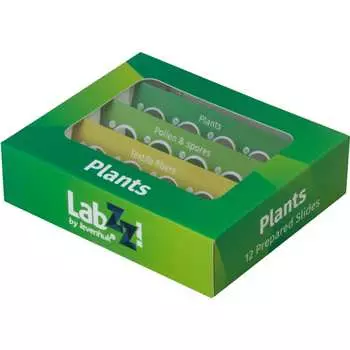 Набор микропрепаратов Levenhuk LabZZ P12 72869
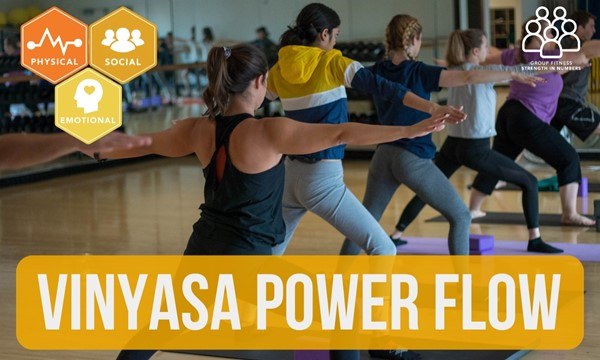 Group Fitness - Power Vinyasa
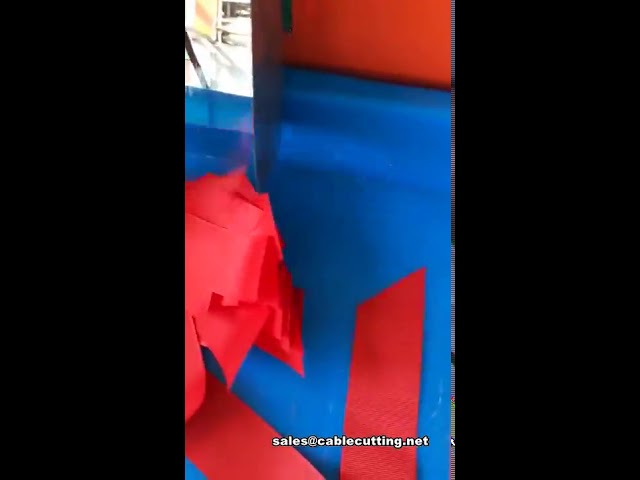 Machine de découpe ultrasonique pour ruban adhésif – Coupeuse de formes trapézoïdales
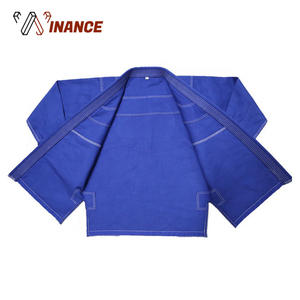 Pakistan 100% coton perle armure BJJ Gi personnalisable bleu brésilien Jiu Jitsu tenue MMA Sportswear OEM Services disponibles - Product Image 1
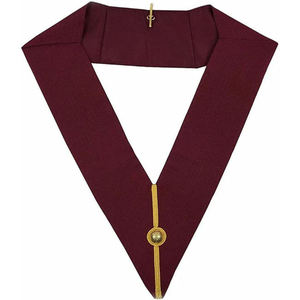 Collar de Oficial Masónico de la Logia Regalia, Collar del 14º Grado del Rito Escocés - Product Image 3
------
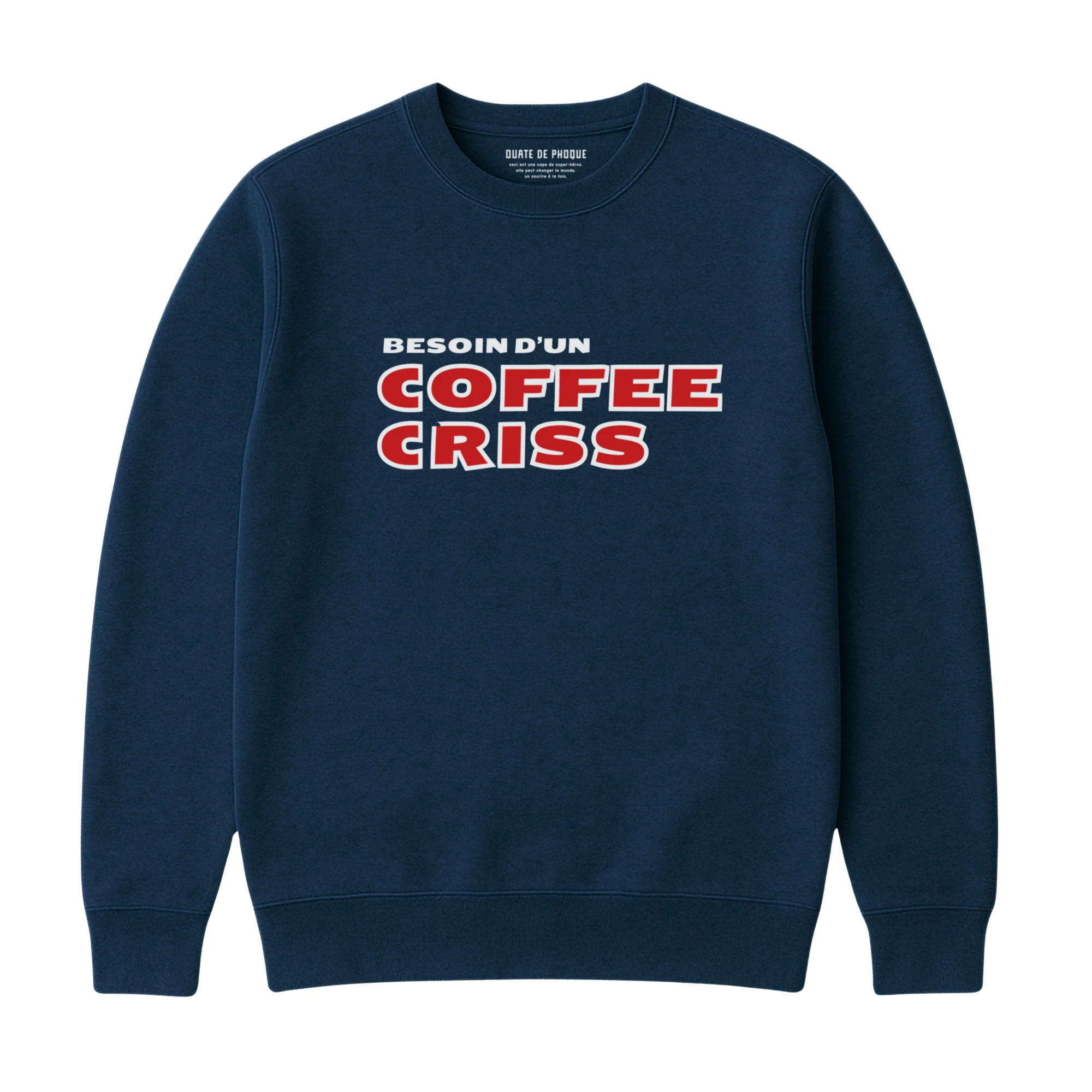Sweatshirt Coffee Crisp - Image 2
------
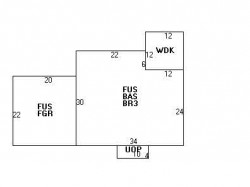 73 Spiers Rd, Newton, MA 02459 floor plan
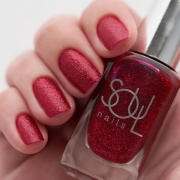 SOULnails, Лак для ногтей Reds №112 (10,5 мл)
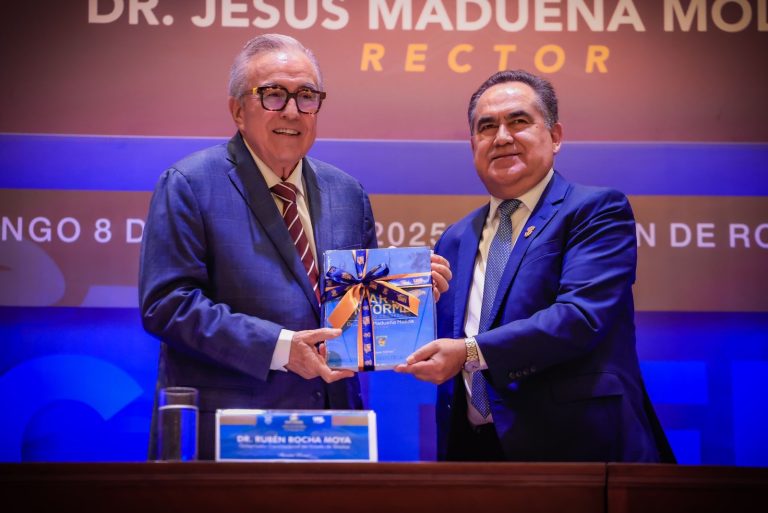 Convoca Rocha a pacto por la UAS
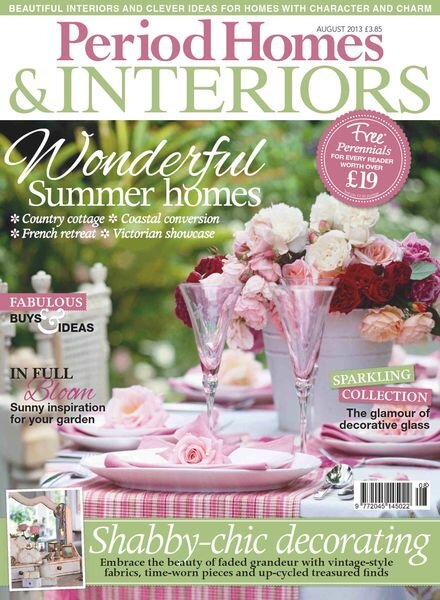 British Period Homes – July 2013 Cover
------
## Your objective:
Your reply is to be an exact repeat of the listing above from the line holding "73 Spiers Rd, Newton, MA 02459 floor plan" down to the line holding "British Period Homes – July 2013 Cover", ends included, pictures excluded.

## Result of this task:
 73 Spiers Rd, Newton, MA 02459 floor plan
 SOULnails, Лак для ногтей Reds №112 (10,5 мл)
 Convoca Rocha a pacto por la UAS
 British Period Homes – July 2013 Cover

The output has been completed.